La pathologie végétale se limitait à la mycologie, essentiellement descriptive, un pathologiste n’avait besoin que d’un microscope, un crayon et une gomme, pour dessiner et décrire les champignons microscopiques. La culture des parasites en milieu artificiel, nécessitant autoclave et étuves, était certes mis en œuvre depuis Pasteur, mais n’avait pas donné de résultats vraiment intéressants, car les principaux champignons tels que les rouilles ou les mildious ne pouvaient se cultiver.

P. Limasset, à qui on avait donné comme sujet de recherche le mildiou de la pomme de terre, comprit très vite que sur cette plante, ce sont essentiellement les virus qui causent les pertes de production les plus régulières et les plus importantes.
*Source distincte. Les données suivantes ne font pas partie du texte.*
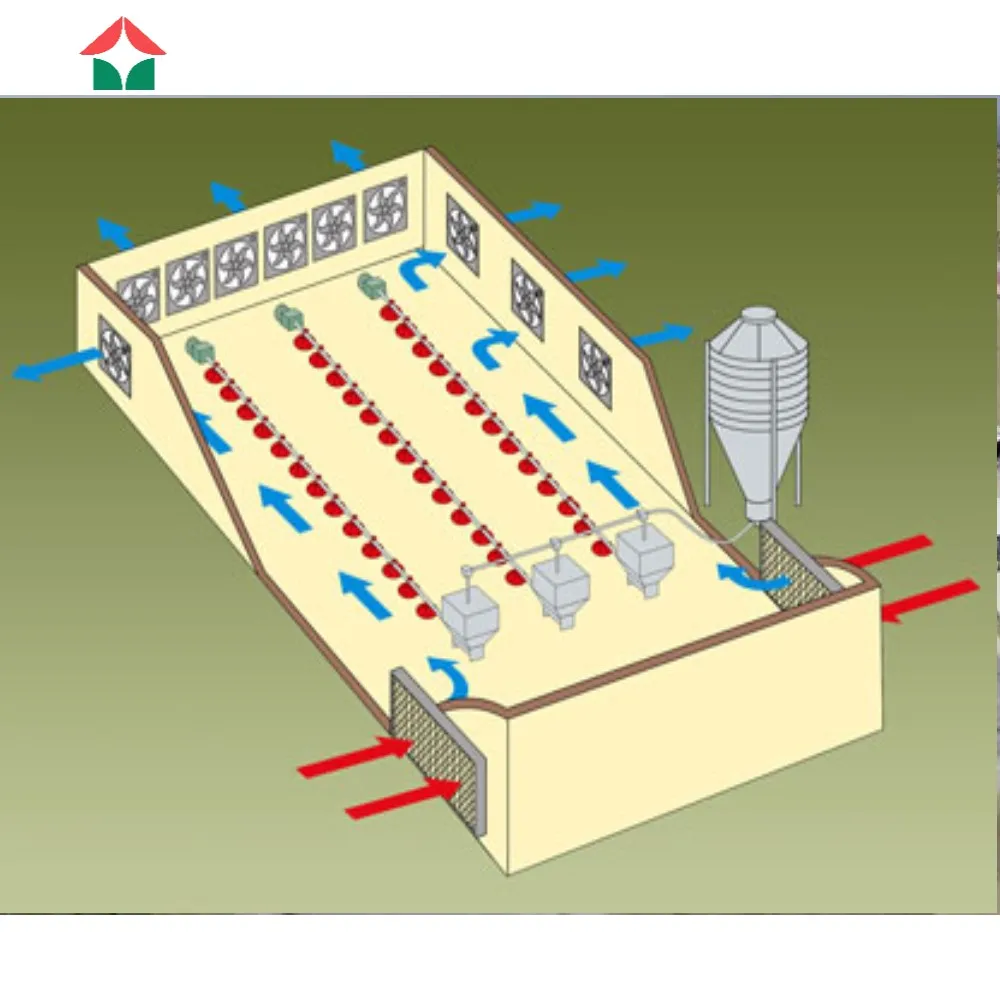 chicken farm equipment chicken house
Un voyage aux États-Unis confirma son opinion et on peut citer ici une anecdote. La traversée des États-Unis se faisait en train, les distances nécessitant des jours et des nuits de voyage; une nuit, la couchette de P. Limasset se détacha et il tomba sur la dame qui occupait la couchette inférieure, celle-ci ne fût heureusement nullement contusionnée, mais déclara avec véhémence que P. Limasset l’avait fait exprès et le lui reprocha pendant tout le voyage. Notre directeur nous raconta son aventure en déclarant avec sa voix grave: " C’était d’autant plus ridicule, que cette dame n’avait rien de séduisant ".
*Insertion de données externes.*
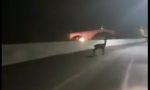 Bambi si lancia dal ponte per sfuggire a un motociclista VIDEO SHOCK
Donc, persuadé que la pomme de terre avait surtout besoin de virologues, P. Limasset créa un service de virologie végétale à la station de pathologie végétale de Versailles et il le créa envers et contre tous, car son directeur, Gabriel Arnaud, mycologue forcené, y était résolument opposé. Lorsque P. Limasset entreprit de faire la sérologie des virus, son directeur se plaignit à la direction centrale de la recherche en disant qu’il était parfaitement inadmissible qu’un chercheur en pathologie végétale pique les oreilles des lapins!

Lorsque Je commençais à travailler en virologie, Arnaud venait encore de temps en temps à son laboratoire, je le rencontrais dans le couloir et je le saluais toujours très respectueusement, mais lui détournait la tête et n’a jamais répondu à mon salut car j’étais un affreux virologue.
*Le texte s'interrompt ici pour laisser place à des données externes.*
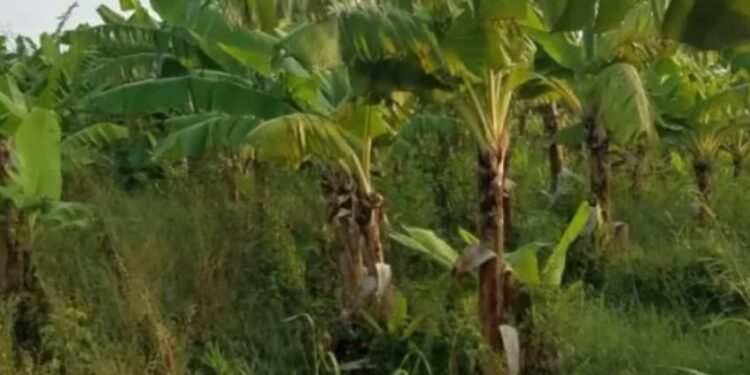 Opinión: La extinción del Proyecto la Cruz Manzanillo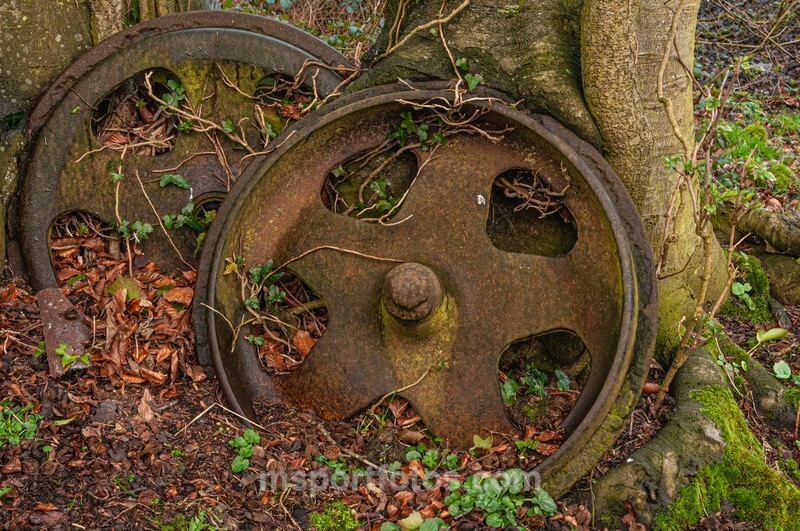  - Old world farm near Dromara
C’est donc dans ce contexte que fut créé le service des virus, qui en fait ne comptait à l’époque que P. Limasset et sa première assistante Mlle Augier. La principale difficulté consistait à équiper le laboratoire avec des crédits plus que restreints: une serre à compartiments pour multiplier les plantes tests et les virus sans les mélanger, une centrifugeuse pour clarifier des jus de plantes, un congélateur pour conserver les sérums et les virus, c’était une vraie révolution en pathologie.

Après avoir isolé les principaux virus de la pomme de terre existants en France X. Y. A, (excepté virus de l’enroulement) il eut l’idée, probablement naturelle pour lui, je crois que son père était médecin (1), de mettre au point le diagnostic sérologique et de le faire appliquer dans des laboratoires de campagne installés au centre de zones de production de plants de pomme de terre. Il rendit le test très commode et rapide en imaginant d’observer la réaction antigène-anticorps non pas en tube, mais au microscope à fond noir; on mélangeait simplement sur la lame de verre une goutte de jus de plante et une goutte de sérum antivirus et instantanément, on pouvait savoir si la plante était infectée.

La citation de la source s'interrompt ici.